Тут встает один очень интересный вопрос. В чем заключаются муки грешников, для человечества не составляет загадки. Мы прекрасно представляем их себе по аналогии с нашими лагерями и застенками. Но, по выражению Лермонтова, «нам небесное счастье темно». Каково будет то блаженство, которое вознаградит праведника за все страдания земной юдоли? Это каждый представляет в соответствии со своими вкусами и фантазией. У мусульман, например, праведные попадают в роскошные сады с пальмами и гранатами, где нет ни палящего солнца, ни мороза и царит густая тень. Там текут реки из вина, меда и молока, которое никогда не скисает. Избранники Аллаха лежат на ложах с парчовыми подкладками и зелеными подушками; на них зеленые одеяния из сундуса и парчи и ожерелья из серебра. Им прислуживают вечно юные отроки, «подобные рассыпанному жемчугу». Они обходят пирующих с чашами и кубками из хрусталя. Вино имеет вкус имбиря, и от него никогда не болит голова. Обитатели райского сада едят плоды и птичье мясо. А вокруг них гурии, «черноокие, большеглазые, подобные жемчугу», «которых не коснулся еще ни человек, ни джинн». Они вечно остаются девственницами, хотя ежедневно услаждают праведников. «Поистине, — восклицает пророк, обращаясь к мусульманам, — это для вас награда, и усердие ваше отблагодарено!» (Коран, 56: 11–37(38); 47: 15(16)-17; 76: 11–22; 55: 46–78; пер. И. Ю. Крачковского){57}.

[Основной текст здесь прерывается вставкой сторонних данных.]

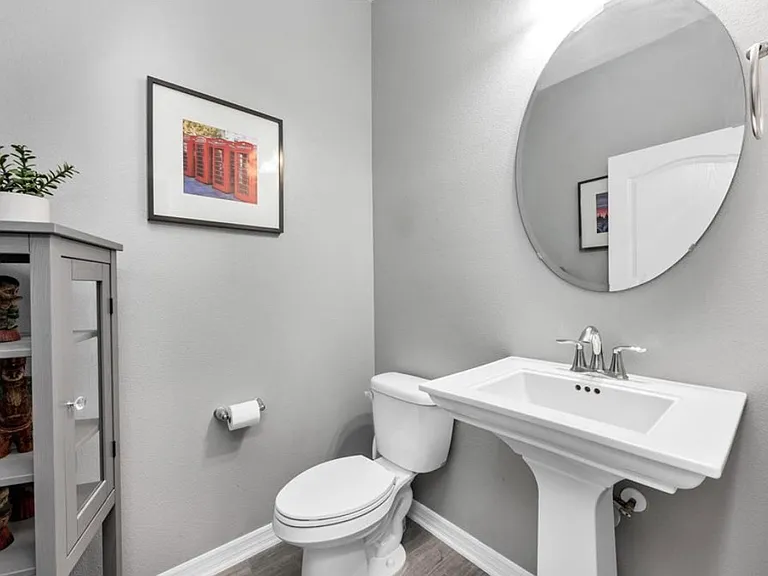 640 Bayern Ln — Photo 21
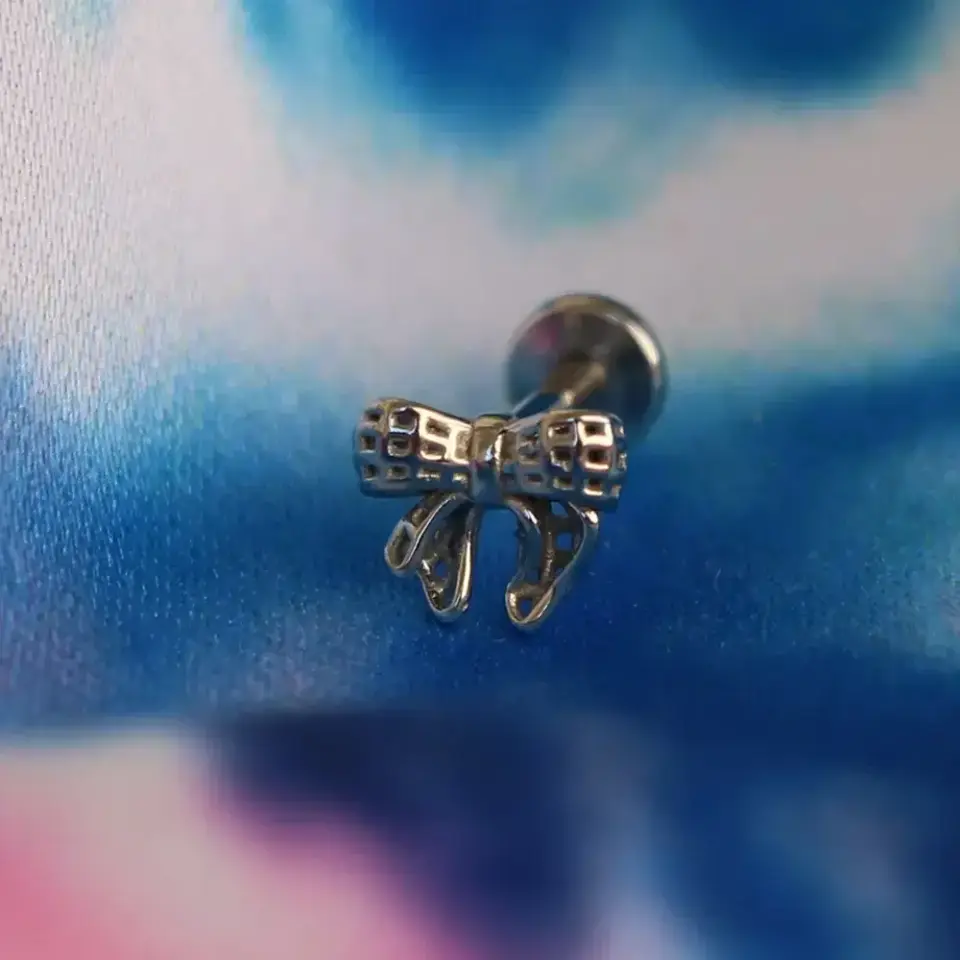 duz-arkali-flatback-gumus-fiyonk-tragus-piercing-gorunumu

А у скандинавов павшие на поле боя герои попадали в Вальгаллу, чертоги Одина. Жизнь их совсем не похожа на жизнь мусульманских святых. «Всякий день, лишь встанут, облекаются они в доспех и, выйдя из палат, бьются и сражаются друг с другом насмерть. В том их забава. А как подходит время к завтраку, они идут обратно в Вальгаллу и садятся пировать» вместе с самим Одином. Едят они всегда одно и то же — мясо вепря по имени Сэхримнир. Каждый день его варят, а к вечеру он снова воскресает. Мясо они запивают пивом{58}. И эти боевые утехи для них — самое сладостное наслаждение.